Guys & Gals - just to be a 'luddite' in these major Apple transitions, i.e. Big Sur & M1 hardware, I've still not migrated my MBAir or my wife's 'new' iMac to Big Sur - the irritating number of updates to the macOS and the issues w/ M1 regarding CCC backups (which I use) have delayed my purchase of a new MI laptop to replace what I own and also going to Big Sur - not sure how much longer Apple will support my current Catalina OS but I'll be 'waiting in the wings' for these issues to sort out to my satisfaction - getting too old I guess to go through these almost weekly vexations - SORRY, just blowing off some steam. Dave
I understand, but let me tell you that my wife's new M1 mini is a screaming machine! The performance kick over her older Intel mini is astounding. As for CCC (and SD!), the only problem is that while you *can* create a bootable backup like you used to do, the architecture of the system-on-a-chip (SoC) in the M1 system means that the use case for a bootable backup is reduced. If you need to restore because of a data corruption that isn't hardware related, you can still do that. But if the M1 hardware fails, a bootable backup won't allow that M1 system to boot (logical when you think of it, the "drive" is integrated to the CPU/GPU/etc of the SoC and all of the "storage" is available to any and all processes when needed). In the Intel machines, unless the "drive" was soldered to the motherboard, you could have a drive fail and just boot from the external backup, then order a replacement drive and when it arrives, clone back from the external to the new internal and be back as it was. That swapping is not available in the SoC approach.

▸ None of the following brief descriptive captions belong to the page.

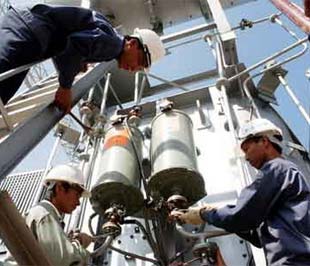 Với mức giá bán hiện nay cho các hộ kinh doanh thì EVN đang có lãi.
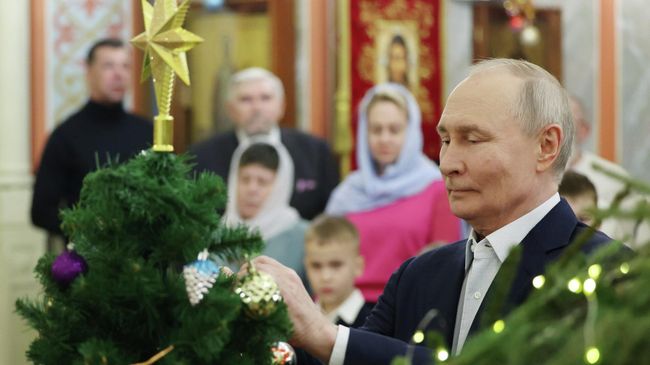 Путин подобрал упавшую с елки игрушку во время рождественского богослужения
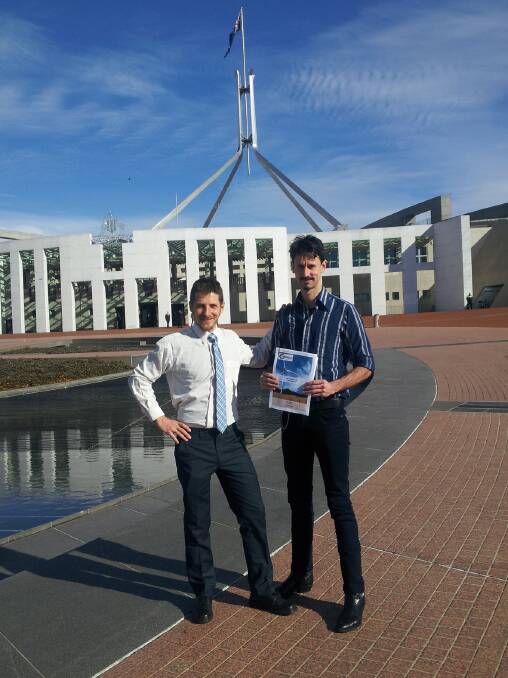 Friends of the Earth’s Shaun Murray and Leigh Ewbank take the RET Road Trip
findings to Parliament House, Canberra.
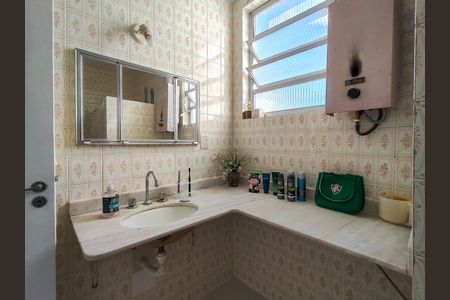 Apartamento à venda com 77m², 2 quartos e sem vaga Apartamento à venda com 77m², 2 quartos e sem vagaBanheiro Corredor
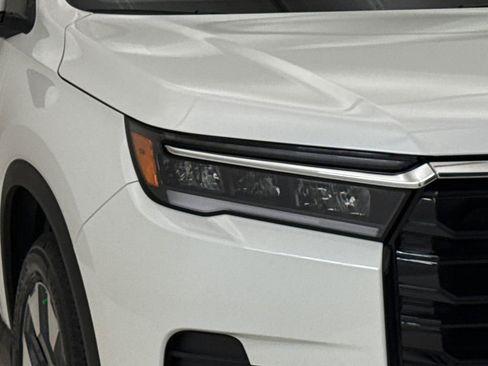 New 2026 Honda Pilot Touring image 5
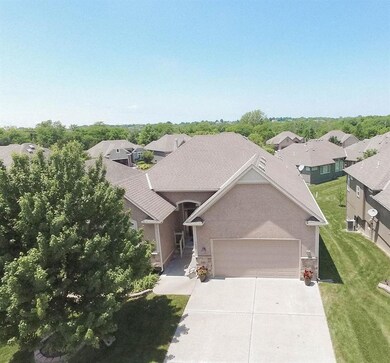 1424 Brompton Ln, Raymore, MO 64083 - photo 7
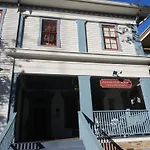 Austin Folk House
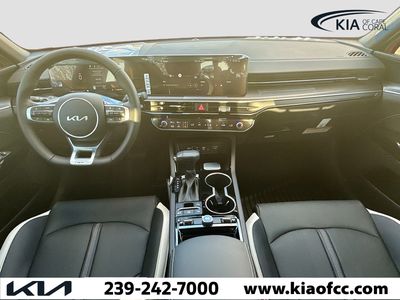 2026 Kia K5 — photo 14 view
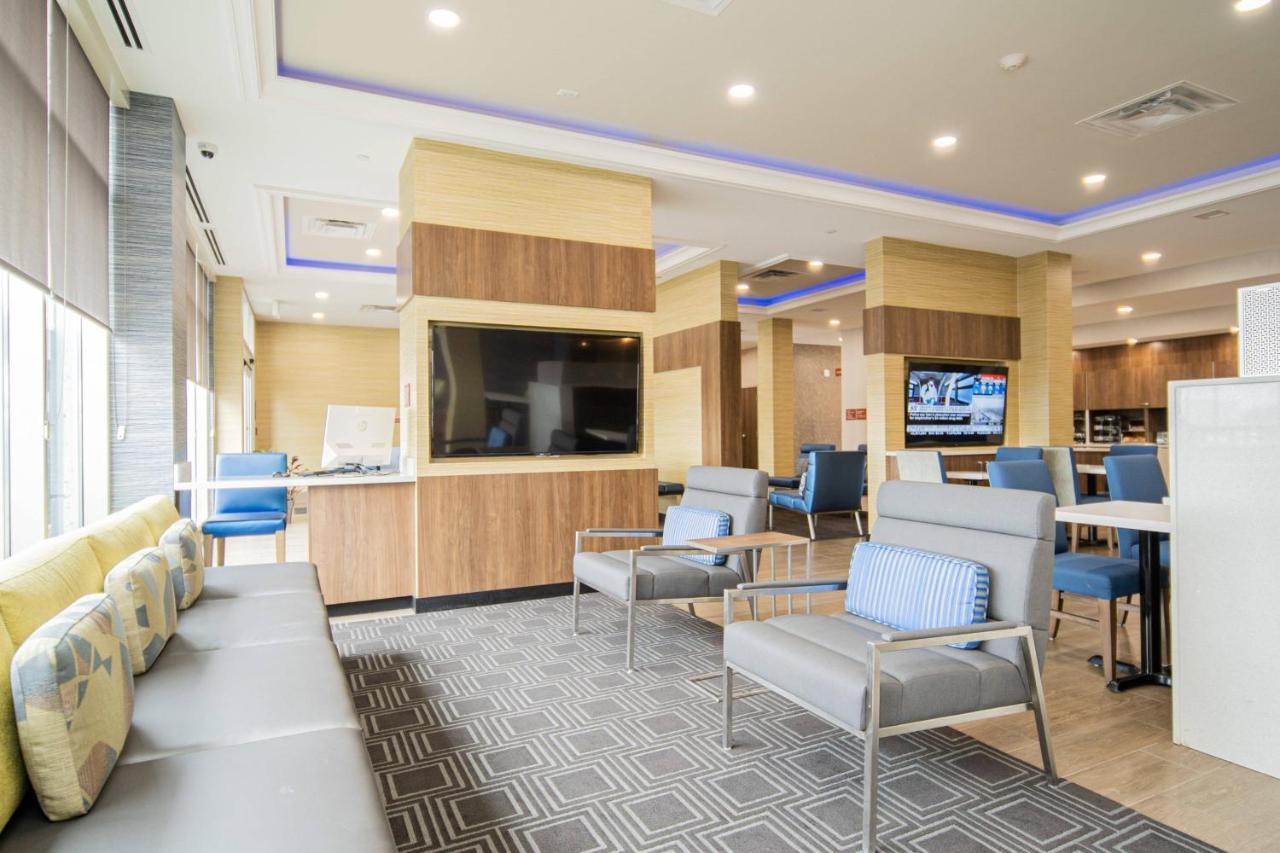 Towneplace Suites By Marriott Brantford And Conference Centre מראה חיצוני תמונה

As for the frustration about how BS changed CCCs solution, that is not likely to go away soon, unless Apple really surprises me and fixes the
asr process that is broken. However, if you don't use Safety Net, it's relatively easy to "fix" the issue when you get a system upgrade by erasing the backup and doing a full new backup when the system does change. A bit of a PITA because of the time it takes, but functionally you end up in the same place. On an Intel machine with BS, you can boot externally just as you could before. On a new M1 system, you can boot externally, I have read, as long as the SoC doesn't have a failure. I haven't tried to boot from an external on my wife's M1 Mini as all she uses is TM for backups.
All of our Macs are on Big Sur. That's three Intel (2 x MBP, 1 mini) and one M1 mini. It's working well on all of them with all four using Time Machine and two of them using CCC.